Die beiden Verhandlungsführer bei den Koalitionsverhandlungen zwischen SPD und CDU für eine Regierungsbildung in Mecklenburg-Vorpommern, Ministerpräsidenten Erwin Sellering (SPD, rechts) und Innenminister Lorenz Caffier (CDU, links).
Jens Büttner Die beiden Verhandlungsführer bei den Koalitionsverhandlungen zwischen SPD und CDU für eine Regierungsbildung in Mecklenburg-Vorpommern, Ministerpräsidenten Erwin Sellering (SPD, rechts) und Innenminister Lorenz Caffier (CDU, links).

Die Landkreise in Mecklenburg-Vorpommern haben enttäuscht auf den Koalitionsvertrag für die nächsten fünf Jahre reagiert, den die Spitzen von SPD und CDU ausgehandelt haben.
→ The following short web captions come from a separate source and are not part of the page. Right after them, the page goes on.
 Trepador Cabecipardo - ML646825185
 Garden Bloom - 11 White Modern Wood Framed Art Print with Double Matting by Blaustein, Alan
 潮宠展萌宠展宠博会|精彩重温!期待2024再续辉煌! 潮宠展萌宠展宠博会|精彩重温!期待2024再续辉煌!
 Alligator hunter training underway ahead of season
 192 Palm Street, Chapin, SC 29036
Die Aussagen zur Finanzausstattung der Kreise seien "ernüchternd, wenn nicht enttäuschend", sagte der Vorsitzende des Landkreistages, Rolf Christiansen (SPD). "Es gibt nur den lapidaren Hinweis auf das Gutachten für ein neues Finanzausgleichsgesetz, das erstellt wird", kritisierte der Landrat des Landkreises Ludwigslust-Parchim.
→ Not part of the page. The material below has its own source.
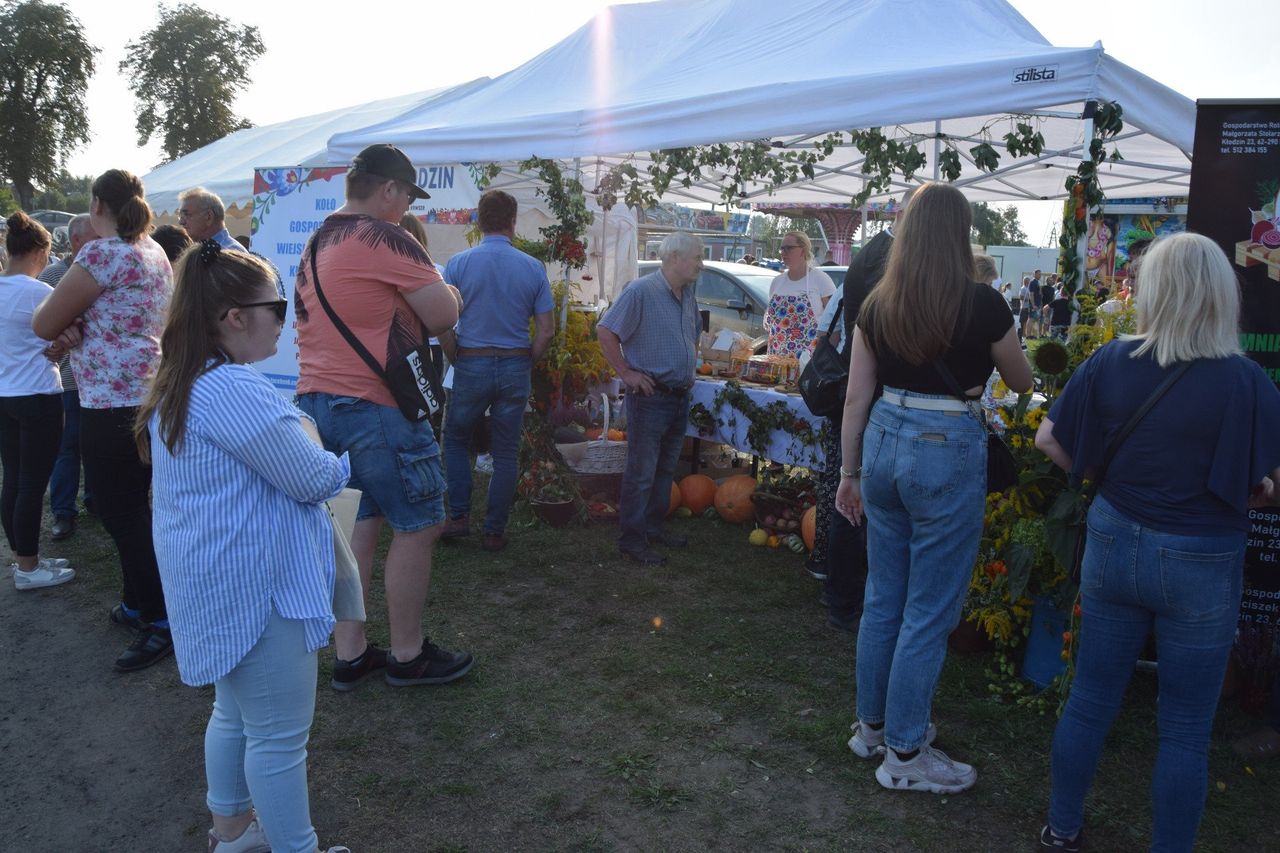 Mieścisko: 46. Targi Michałowskie już w ten weekend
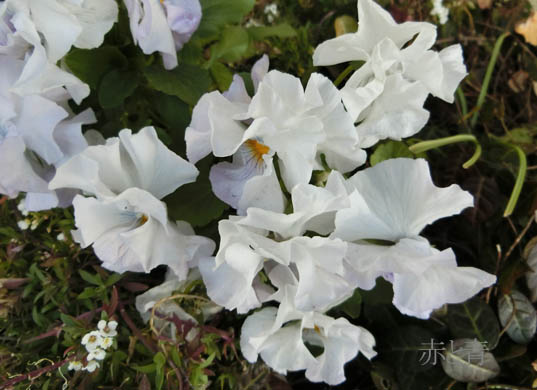白い花３.jpg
Bei der Erstellung des Gutachtens knirscht es aus Sicht der Landkreise. Von den Gutachtern seien wesentliche Punkte ungenügend beleuchtet worden, sagte Christiansen. So müsse der Investitionsstau, der in den zurückliegenden 20 Jahren aufgrund von Geldmangel in Schulen und an Kreisstraßen entstanden sei, bei der Bemessung der künftigen Finanzausstattung der Landkreise berücksichtigt werden, forderte er.

Christiansen fordert mehr Spielraum für Gemeinden und Landkreise

Ein weiterer Kritikpunkt von Christiansen: Der Koalitionsvertrag sage nichts zu einer Funktionalreform in Mecklenburg-Vorpommern, die aus seiner Sicht aber nötig wäre, um der Kreisgebietsreform von 2011 Sinn zu geben. "Viele Aufgaben aus den Landesämtern und den Staatlichen Ämtern ließen sich kommunalisieren", sagte der Landrat. Als Beispiele nannte er Naturschutz- und Umweltfragen, da gebe es viele Doppelstrukturen. Außerdem forderte Christiansen regionale Förderfonds, weil die Probleme vor Ort besser bekannt seien.

Die künftige Finanzierung der Landkreise durch das Land ist ein Thema der 37. Mitgliederversammlung des Landkreistages am Mittwoch in Ludwigslust. Christiansen forderte mehr finanzielle Spielräume für Gemeinden und Landkreise, um als Kommunen auch die Bedingungen vor Ort gestalten zu können.

Landrat Christiansen verwies darauf, dass es sich um ein erstinstanzliches Urteil handele, gegen das der beklagte Landkreis vorgehen werde. Doch fünf Prozent des Haushalts zur freien Gestaltung des Lebens in einer Kommune jenseits der gesetzlich vorgeschriebenen Aufgaben halte er für angemessen - auch für die Landkreise, wie er sagte. Diese seien von diesem Wert weit entfernt.